A US federal appeals court—essentially, the second-highest in the land—has ruled that the bulk collection of US telephone records by the National Security Agency isn’t permitted by laws passed after the 9/11 attacks to increase intelligence collection. You can read the entire decision here (pdf).
The challenge was brought by the American Civil Liberties Union against James Clapper, the director of National Intelligence, along with the heads of the NSA, the FBI, the Department of Justice, and the Department of Defense. (Of the five officials named in the suit when it was filed in January 2014, only Clapper remains in the same role.)
The ACLU was prepared to argue that the government’s dragnet violated the US constitution’s prohibitions on unreasonable searches, but it didn’t have to. A three-judge panel agreed first that the Patriot Act, the 2001 law that supposedly gave the government these powers, does not allow for the collection of data without a warrant. Specifically, they cited section 215 of the act:
In keeping with this usage, §215 does not permit an investigative demand for any information relevant to fighting the war on terror, or anything relevant to whatever the government might want to know. It permits demands for documents “relevant to an authorized investigation.”
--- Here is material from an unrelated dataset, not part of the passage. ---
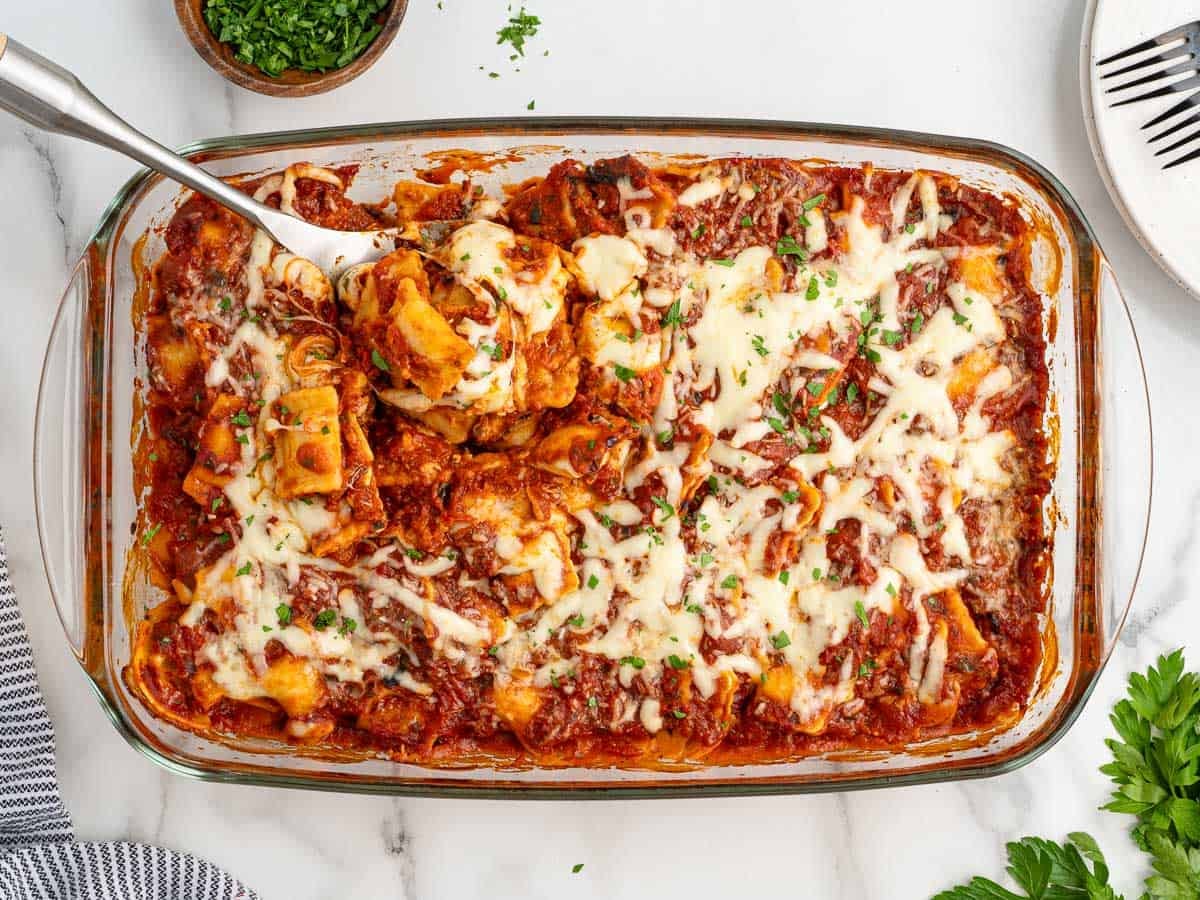 A glass baking dish filled with cheesy baked pasta in tomato sauce, this Ravioli Lasagna is topped with melted cheese and chopped herbs. A serving spoon is lifting out a portion of this irresistible Ravioli Lasagna Recipe. Plates, utensils, and herbs are nearby on a marble surface.
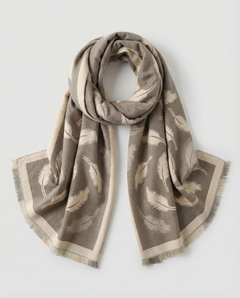 Beige and brown wrap with feather pattern on a light gray background, view 1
The government has not attempted to identify to what particular “authorized investigation” the bulk metadata of virtually all Americans’ phone calls are relevant. Throughout its briefing, the government refers to the records collected under the telephone metadata program as relevant to “counterterrorism investigations,” without identifying any specific investigations to which such bulk collection is relevant.
… Put another way, the government effectively argues that there is only one enormous “anti-terrorism” investigation, and that any records that might ever be of use in developing any aspect of that investigation are relevant to the overall counterterrorism effort. The government’s approach essentially reads the “authorized investigation” language out of the statute.
The judges also cite Edward Snowden, the NSA whistleblower now living in exile in Russia, as the key source of the revelation of this illegal program. Snowden, of course, has not returned to the US for fear of prosecution—while the government officials who designed and executed the program don’t appear to face any such concern.
It’s not clear how the government will respond to this decision; it has the opportunity to appeal to the US Supreme Court. There also are other, pending cases against the law, as well as a bill in Congress that intends to repeal bulk data collection.
“This ruling focuses on the phone-records program, but it has far broader significance, because the same defective legal theory that underlies this program underlies many of the government’s other mass-surveillance programs,” Jameel Jaffer, the ACLU’s lead counsel, said in a statement. “The ruling warrants a reconsideration of all of those programs, and it underscores once again the need for truly systemic reform.”
Either way, this ruling is a big win for civl liberties advocates—and an interesting example for other nations. Even as the US appears more likely than ever to dismantle some of the surveillance appartus it put in place following a shocking terror attack, France has just enacted a sweeping intelligence measure in the wake of the Charlie Hebdo attacks.